Regarding your registered retirement savings plan (RRSP), there are downsides to overweighting risk-free securities, especially as rates come down. Indeed, recent Bank of Canada rate cuts may have already pinched savers as certain financial institutions were quick to react by lowering their rates on savings accounts.
Additionally, as bond yields come down, RRSP investors may find it’s a good time to dip their toe back into the dividend stock waters. Of course, even the most defensive of dividend stocks have the potential to be wild movers when the stock market really gets rocked. Indeed, when there’s fear on Bay and Wall Street, no stocks can be safe from the extreme selling.
That said, if you’re not one to get rattled by volatility and envision yourself buying more shares of dividend stocks in your portfolio on weakness, I do think it can make sense to consider bolstering your RRSP with Canadian dividend growth stocks. In this piece, we’ll look at two names that may just be worth stashing in your RRSP portfolio for the next five to eight years.
Waste Connections
Sometimes, boring businesses can outdo the most exciting ones. Waste Connections (TSX:WCN) stock has quietly gained more than 107% over the past five years. More recently, however, shares of the North American trash collector have consolidated, trading sideways since July.

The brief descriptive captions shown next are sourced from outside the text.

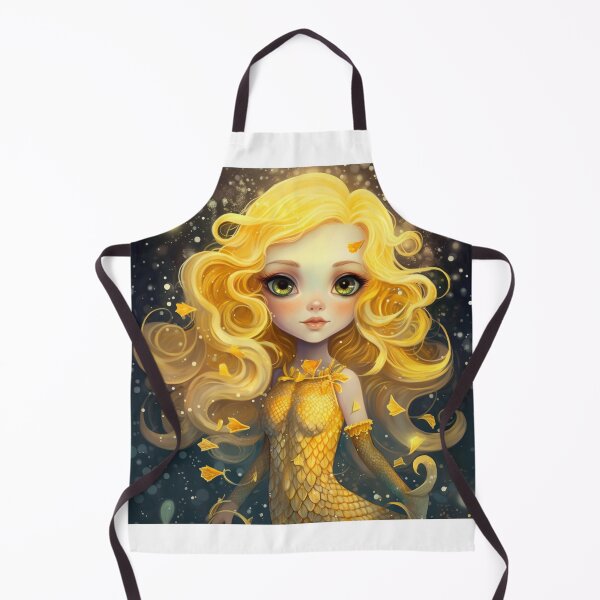 Item preview, A cartoon yellow mermaid girl designed and sold by aiphotosart.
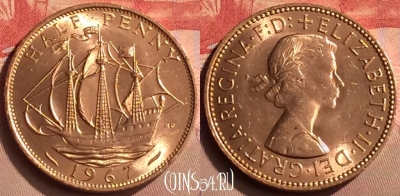 Великобритания 1/2 пенни 1967 года, KM# 896, 424-058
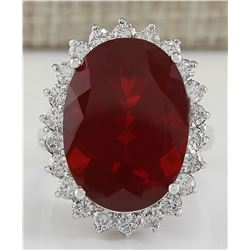 12.43CTW Natural Mexican Fire Opal And Diamond Ring In 14K White Gold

As the name looks to “correct” by going sideways in the $250–253 range, I do think long-term investors should look to punch their ticket into the name. The stock still looks rather expensive at just shy of 50 times trailing price-to-earnings (P/E), but as we head into 2025, some potential catalysts may help propel the name out of its consolidation channel.
The company has been taking steps to improve its operating performance while reducing its emissions through various means. And as the firm continues exploring acquisition opportunities as they arise, I wouldn’t at all be surprised if WCN stock gets even pricier over time.
Indeed, sometimes premium price tags on stocks are well worth paying if you’re getting a fundamentally sound business that has the levers to pull to move earnings higher. At the end of the day, Waste Connections is a top-tier operator that could become a heck of a lot greener in a decade’s time.
TFI International
TFI International (TSX:TFII) is a trucking company that’s seen its stock fall off the road a bit. Though there could be a double-top technical pattern in the works, I wouldn’t be afraid to pick up a few shares on the way down, especially as TFI moves past this “challenging” environment.
Like Waste Connections, TFI has taken advantage of acquisition opportunities over the past year. Indeed, I think the firm is getting great deals amid industry turbulence. And going into 2025, I don’t expect the pace of such deals to slow, especially should the industry environment improve a bit.
At the end of the day, growth-by-acquisition can be a fantastic strategy, especially if managers are keen on synergy-rich deals. All considered, I think RRSP investors have plenty of reasons to stick with the relatively small (nearly $16 billion market cap) grower after its latest correction.